The trick here is to ensure that the Shero’s presence is formidable, truculent, scorching, and sexy. Our Desi Girl scores on all four counts. She is a ferociously protective mother fighting off buccaneers on an island in the 1800s.
Admittedly, there is nothing particularly periodic about Priyanka’s presence. Her body language is timeless, and not in the classic sense. While she is not particularly convincing as a 19th century woman, she is absolutely dynamite as a vengeful vixen, negotiating her way through a maze of masculine mayhem on a breathtaking, beautiful, unspoilt sunkissed island invaded by plunderers who look like they could do with a collective bath.
In a manner, the fetching island could be seen as metaphor for the lead actress. Priyanka personifies the plunder pitch (and hell, life for a beautiful woman can be such a bitch). However, I seriously doubt screenwriters of this ‘Wacky Chan’ wunderblitz were seeking any metaphoric relevances in the islander’s version of a shootout Western.
This is the kind of slip-in-slip-out fare, bereft of heft, where the Shero is named Mary so that there can be ‘Bloody Mary’ allusions to her sanguinary state.
The Bluff is indeed a far more watchable and far less de-intellectualized fare than Priyanka’s last feature film Heads Of State which was so knuckle-headed it felt like a spoof (which it wasn’t).
There is subtle sense of spoofinness supplemented by a tongue-in-cheek spiffiness to the storytelling in The Bluff, a title that almost seems like an admission of a ravishing ruse, a bloodsoaked cruise, if you will. This is an embarrassingly straightforward vendetta flick with sustained splendidly shot action sequences where Priyanka’s Mary fights back when pushed to a corner.
Her frowning adversary , her near-nemesis, Conner is played by Karl Urban, a fascinating partly intimidating Madhavan lookalike who gives his enticing opponent as good as he gets.
There is a hasty history attached to Mary’s (Bloody or not) tempestuous tangle with Conner. And though she is a fiercely dedicated vengeful spouse, Mary doesn’t hesitate in admitting to her husband (Ismael Cruz Córdova) that there was bit of hanky-panky between Conner and she in the past.
All of these, shall we say, piracy prattle is played out by Priyanka Chopra with fetching self-assurance.

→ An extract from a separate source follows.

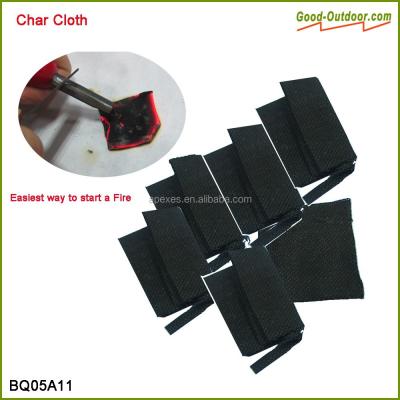 China Addition for your first aid kit eco friendly cotton charred fabric fire starter for survival kit for sale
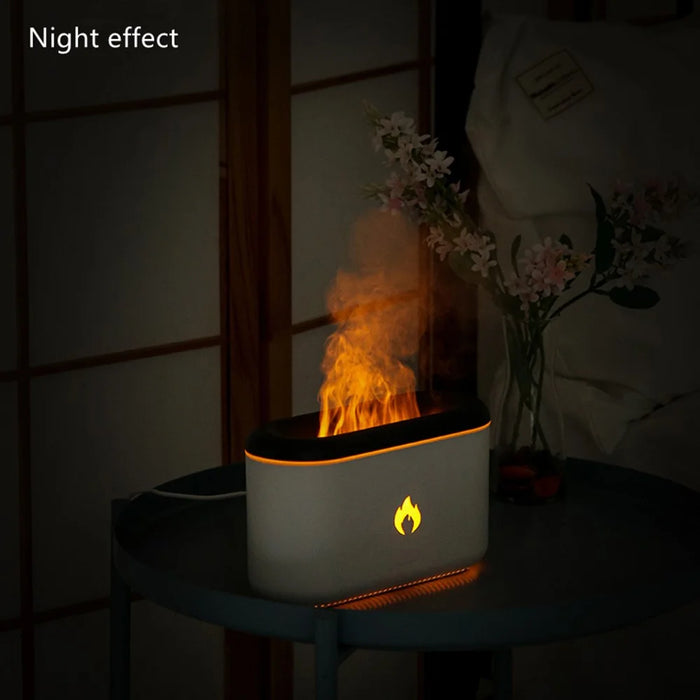 XF06 Simulation Flame Light USB Humidifier Home Desktop Aromatherapy Mist Diffuser - Black - 5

She consistently puts her best foot, and profile, forward. Greg Baldi’s lensing does as much justice to Priyanka as it does to the scenic Australian landscape, a stirring mix of mystery and menace, that sadly doesn’t quite touch the characters.
However, The Bluff is huge fun while it lasts. The best thing to be said about Frank E Flowers’ direction is that he knows what he is doing. He is not in this to win an Oscar. Just to create a fun movie with a lead actress who is game.